Fünf Jahre später wurde der Pokal gegen Luna Rossa erfolgreich verteidigt, das Land huldigte seinen Siegern mit einer grossen Strassenparade in Auckland. Doch danach zerstörte das Duo Coutts/Butterworth die Träume der Kiwis für eine zweite erfolgreiche Defence. Es wurde von Alinghi verpflichtet, gar von Verrat war die Rede. Das Gespann fiel anschliessend auseinander; Coutts wurde 2004 von Alinghi entlassen und wechselte zu Oracle, Butterworth hielt Bertarelli die Treue und ist heute Berater des Schweizer Segelteams.

Von einer ähnlich starken Zweierbeziehung auf dem Segelboot können die Neuseeländer seit zehn Jahren profitieren: Das Duo Peter Burling / Blair Tuke feierte zwei Cup-Siege, 2017 und 2021. Mit zusätzlichen drei Olympiamedaillen sind sie die erfolgreichsten Segler Neuseelands. Das Paar segelt seit 2008 zusammen – Burling als Steuermann, Tuke als Vorschoter und Trimmer. Zwischen 2012 und 2016 waren sie in der 49-Klasse ungeschlagen und gewannen sieben Weltmeistertitel.

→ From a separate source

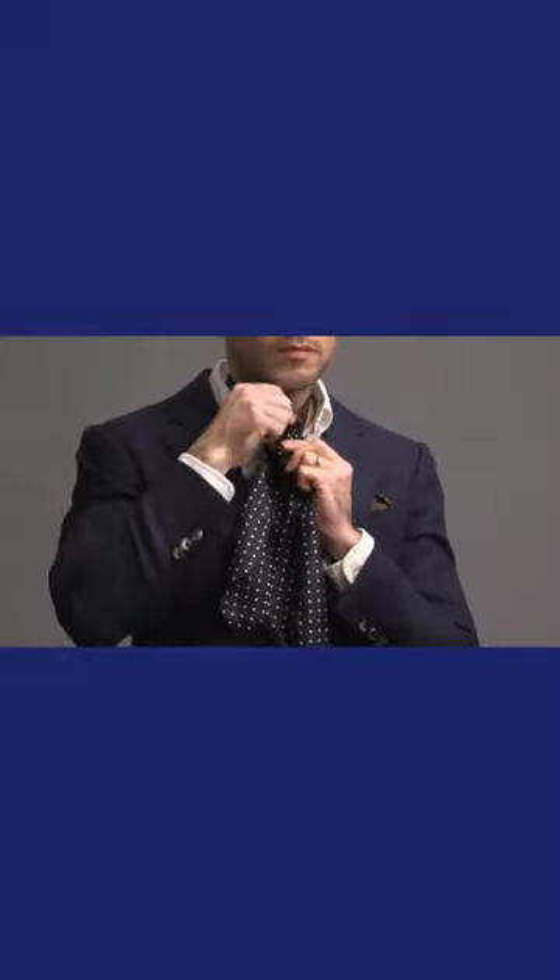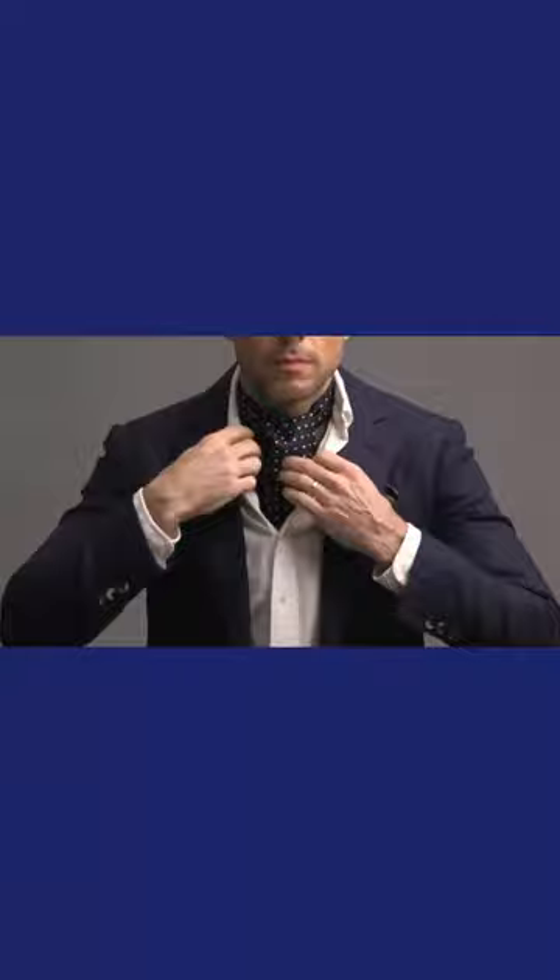Then we're going to bring that longer end underneath and around and then up and over. Then you can adjust the width and stick it inside of your shirt.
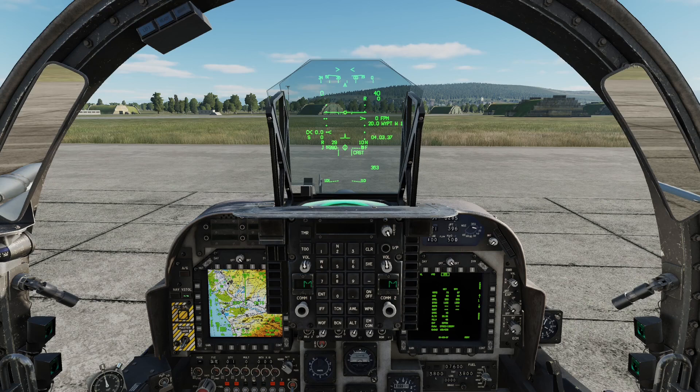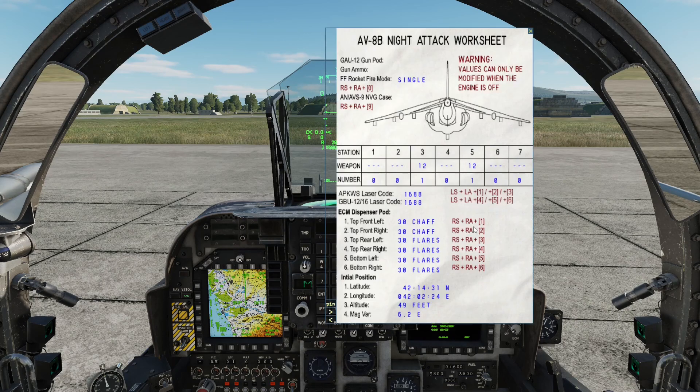I haven't done this in detail yet, but if we go into the kneeboard we can see we have the APKWS laser code presently 1688, and GBU-12 and 16 laser code presently 1688. Previously we used to have just the APKWS and we used to be able to set the GBU-12/16 live in the cockpit by just changing the laser code. So it appears that what we have to do is press Left Shift + Left Alt + 4, 5, and 6 to change these numbers — I'm going to give this a try.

Nach der Ausgabe 2024 müssen sich die Neuseeländer neu erfinden

Nun stehen die beiden in Barcelona vor dem Hattrick. Nach zwei Renntagen scheint der Cup in neuseeländischem Besitz zu bleiben. Die Kiwis führen souverän 3:0 gegen den Herausforderer Ineo Britannia und brauchen nur noch vier Siege zum Triumph.

Doch unabhängig davon, ob die Duos Dalton / de Nora und Burling/Tuke zum dritten Mal den America’s Cup in die Höhe stemmen werden, steht das Team New Zealand vor einem Umbruch. Das hat Grant Dalton der NZZ gegenüber deutlich zu verstehen gegeben. «Wenn wir gewinnen sollten, können wir den Sieg nicht einfach mit der gleichen Crew wiederholen.» Punkto Nachwuchs habe Neuseeland nicht das Level der Italiener, die in Barcelona den Youth America’s Cup und den Frauen America’s Cup gewannen. «Wir werden uns neu erfinden müssen.»